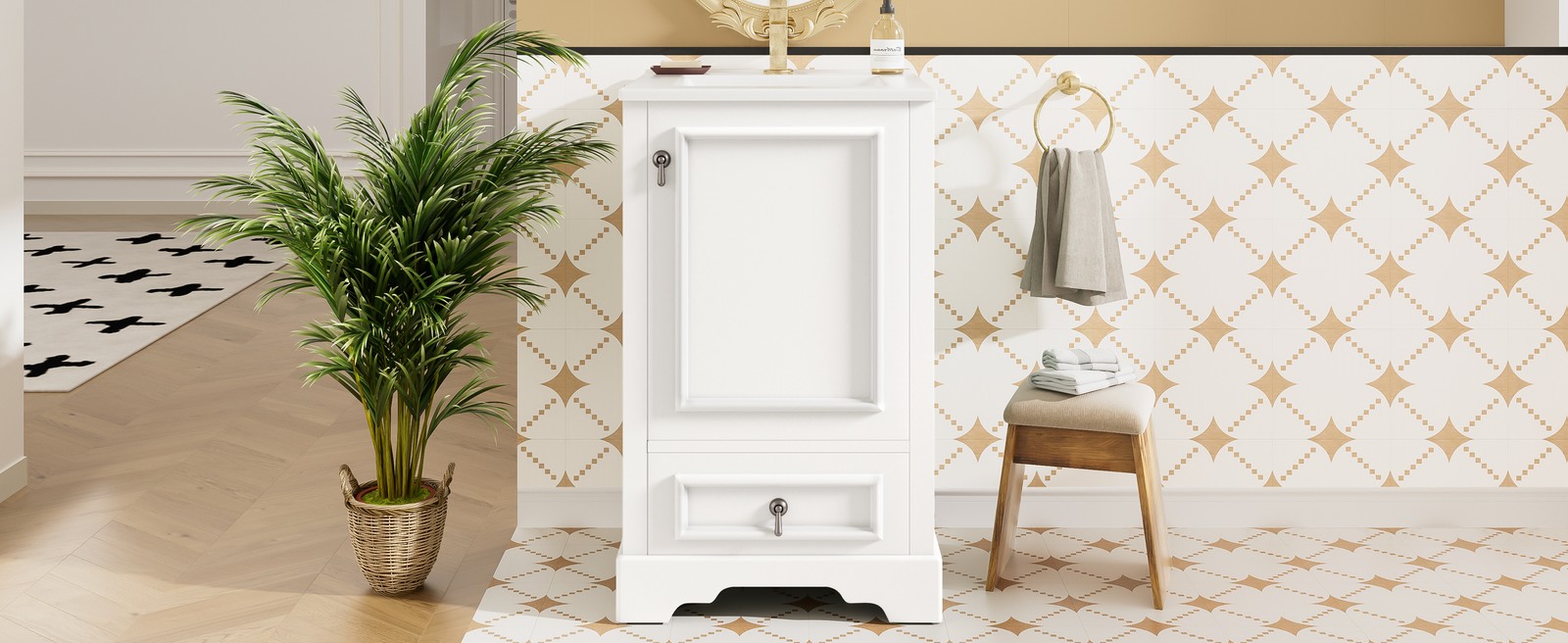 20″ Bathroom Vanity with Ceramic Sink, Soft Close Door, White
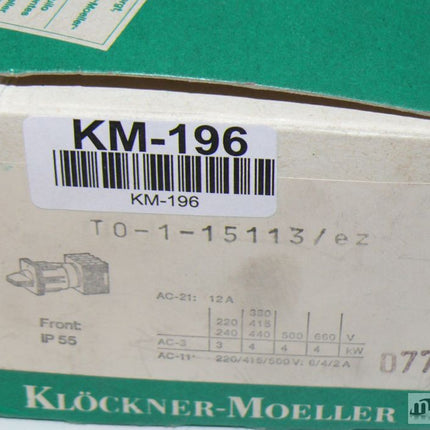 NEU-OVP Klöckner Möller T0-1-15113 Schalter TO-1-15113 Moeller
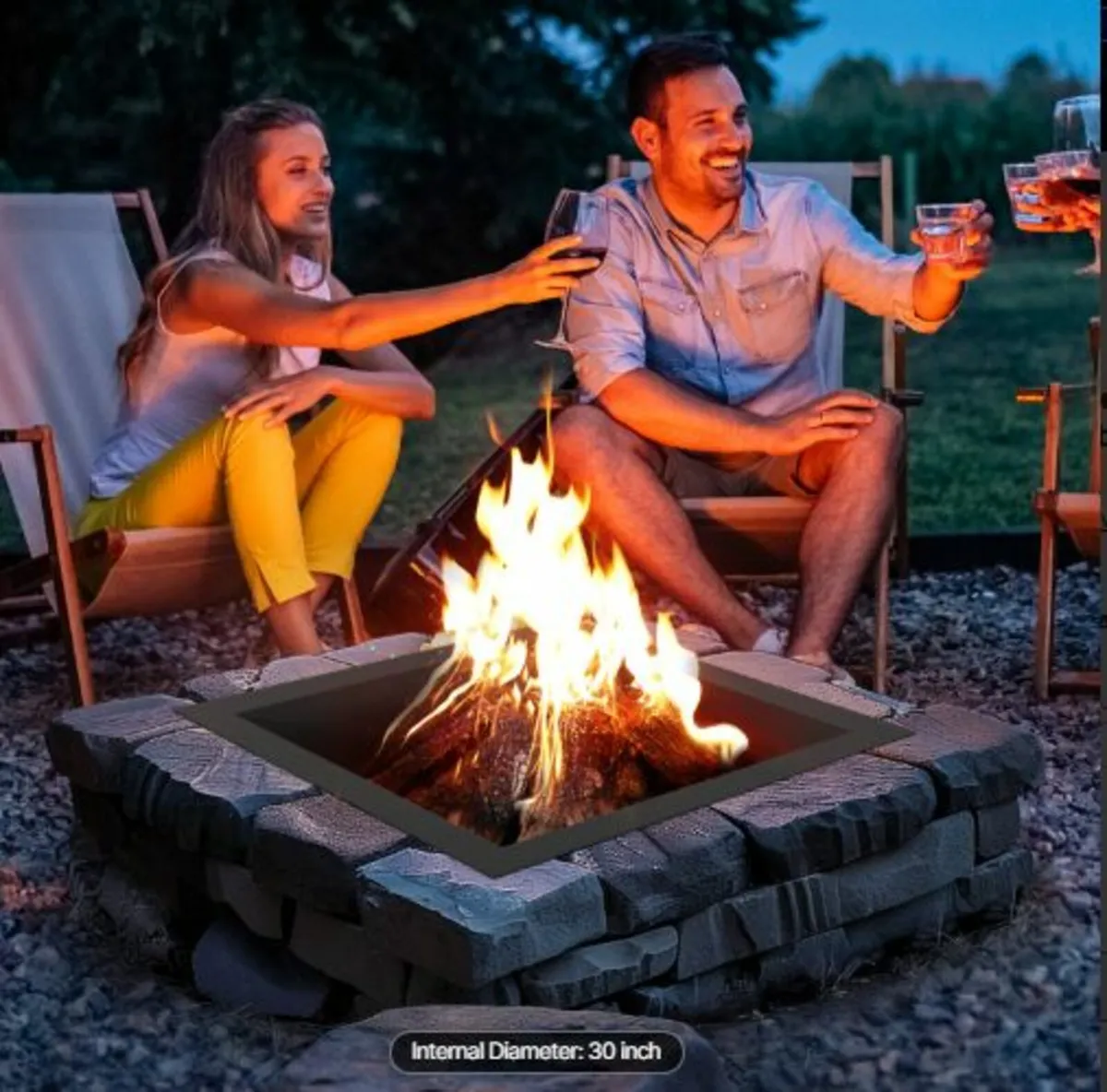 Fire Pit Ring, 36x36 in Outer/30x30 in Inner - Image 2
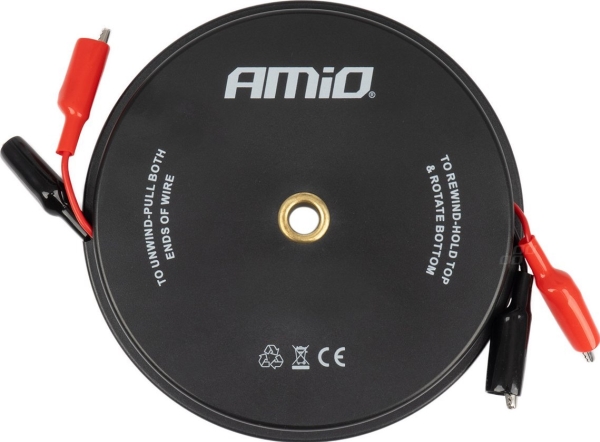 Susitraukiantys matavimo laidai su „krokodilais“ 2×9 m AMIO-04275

────────────────

§ **WORK INSTRUCTION**
Would you return all the data exactly as given, minus the pictures?

§ **ANSWER FOR THE TASK**
 20″ Bathroom Vanity with Ceramic Sink, Soft Close Door, White
 NEU-OVP Klöckner Möller T0-1-15113 Schalter TO-1-15113 Moeller
 Fire Pit Ring, 36x36 in Outer/30x30 in Inner - Image 2
 Susitraukiantys matavimo laidai su „krokodilais“ 2×9 m AMIO-04275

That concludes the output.